I have a dataframe with a column that has various unit types
The rawNo column is how the data comes in. I would like to change it to look like the ConvNo column
datasample = pd.DataFrame(columns=['rawNo','ConvNo'])
datasample = datasample.append({'rawNo': '-4.35%','ConvNo': -.0435},ignore_index = True)
datasample = datasample.append({'rawNo': '246.6K','ConvNo': 246600},ignore_index = True)
datasample = datasample.append({'rawNo': np.nan,'ConvNo': np.nan},ignore_index = True)
datasample = datasample.append({'rawNo': '$12.76B','ConvNo': 12760000000},ignore_index = True)
datasample = datasample.append({'rawNo': '4.68%','ConvNo': .0468},ignore_index = True)
datasample = datasample.append({'rawNo': '¥-459.5B','ConvNo': -459500000000},ignore_index = True)
datasample = datasample.append({'rawNo': '€-6.8B','ConvNo': -6800000000},ignore_index = True)
datasample = datasample.append({'rawNo': '£-15.623B','ConvNo': -15623000000},ignore_index = True)
datasample = datasample.append({'rawNo': '$-1,400B','ConvNo': -15623000000},ignore_index = True)
I figure I will have to use some type of conditional apply. This apply to remove the percent is failing
def rPercent(value):
value = str(value)
count = value.count('%')
print(count)
if (count != 0):
return value.str.rstrip('% ').astype('float') / 100.0
else:
return value
datasample["ConvNo"] = datasample['actual'].apply(rPercent)
Error I get:
> AttributeError: 'str' object has no attribute 'str'
Data File. you can download file from this link https://projectcodesamples.s3.amazonaws.com/ForEx.csv
The columns I am trying to convert is "actual" the result is in the "CNactual" column
This is posted as a separate answer, since I want to retain the original reproducible example (in case the linked csv is no longer available).

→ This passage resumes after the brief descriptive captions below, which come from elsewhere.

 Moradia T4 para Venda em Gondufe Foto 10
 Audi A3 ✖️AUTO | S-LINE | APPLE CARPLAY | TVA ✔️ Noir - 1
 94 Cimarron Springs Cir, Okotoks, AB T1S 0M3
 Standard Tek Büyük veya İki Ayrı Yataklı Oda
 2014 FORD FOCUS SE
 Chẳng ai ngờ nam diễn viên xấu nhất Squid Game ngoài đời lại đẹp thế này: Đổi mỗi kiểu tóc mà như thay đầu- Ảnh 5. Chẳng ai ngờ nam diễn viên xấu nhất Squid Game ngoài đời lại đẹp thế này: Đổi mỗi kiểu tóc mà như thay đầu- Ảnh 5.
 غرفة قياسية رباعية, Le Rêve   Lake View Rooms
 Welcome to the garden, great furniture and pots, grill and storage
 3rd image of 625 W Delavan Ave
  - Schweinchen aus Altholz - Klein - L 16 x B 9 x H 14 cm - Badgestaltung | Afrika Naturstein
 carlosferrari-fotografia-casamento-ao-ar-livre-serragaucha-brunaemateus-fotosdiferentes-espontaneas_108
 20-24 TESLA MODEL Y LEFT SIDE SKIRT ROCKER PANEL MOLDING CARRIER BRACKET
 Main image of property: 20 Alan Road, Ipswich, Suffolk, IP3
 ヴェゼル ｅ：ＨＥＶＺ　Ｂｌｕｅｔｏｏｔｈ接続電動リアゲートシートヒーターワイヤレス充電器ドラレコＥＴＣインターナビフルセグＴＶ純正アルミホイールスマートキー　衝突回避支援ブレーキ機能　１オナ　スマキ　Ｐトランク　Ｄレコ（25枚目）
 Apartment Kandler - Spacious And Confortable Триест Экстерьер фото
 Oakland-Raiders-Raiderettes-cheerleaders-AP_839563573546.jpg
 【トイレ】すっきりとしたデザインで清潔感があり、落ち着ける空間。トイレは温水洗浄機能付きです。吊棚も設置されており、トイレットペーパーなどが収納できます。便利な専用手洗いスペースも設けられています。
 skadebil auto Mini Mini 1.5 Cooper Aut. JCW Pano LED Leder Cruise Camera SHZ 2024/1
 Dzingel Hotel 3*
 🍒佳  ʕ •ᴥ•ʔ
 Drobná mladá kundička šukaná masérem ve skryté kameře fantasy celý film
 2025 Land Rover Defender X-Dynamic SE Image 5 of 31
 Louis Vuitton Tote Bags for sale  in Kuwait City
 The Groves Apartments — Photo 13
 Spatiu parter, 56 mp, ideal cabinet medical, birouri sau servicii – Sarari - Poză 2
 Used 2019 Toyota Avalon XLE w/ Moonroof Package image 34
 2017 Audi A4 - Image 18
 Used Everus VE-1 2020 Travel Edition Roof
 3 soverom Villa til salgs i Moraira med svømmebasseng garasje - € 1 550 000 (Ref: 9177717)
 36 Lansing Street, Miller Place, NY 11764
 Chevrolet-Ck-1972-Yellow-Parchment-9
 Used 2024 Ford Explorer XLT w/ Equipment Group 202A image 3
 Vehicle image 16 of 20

A careful analysis of the data will show that the non-numeric characters that cause trouble are: commas used as thousand separators, single dash symbols (presumably indicating nan
). After incorporating these into the character_mapping
the conversion works without raising any errors:
from numpy import nan
from pandas import read_csv
df = read_csv("https://projectcodesamples.s3.amazonaws.com/ForEx.csv")
character_mapping = {
"%": "e-2",
"K": "e3",
"M": "e6",
"B": "e9",
"T": "e12",
# note that the currency symbols are mapped to blank string
# to facilitate the conversion to float
"£": "",
"\$": "",
"¥": "",
"€": "",
# if an entry consists of a dash, replace with nan
"^-$": nan,
# some numbers have a comma as a thousands separator
",": "",
}
df["Converted"] = df["consensus"].replace(character_mapping, regex=True).astype(float)
mask = (df["Converted"] != df["consensus"]) & (df["consensus"].notna())
print(df.loc[mask, ["consensus", "Converted"]])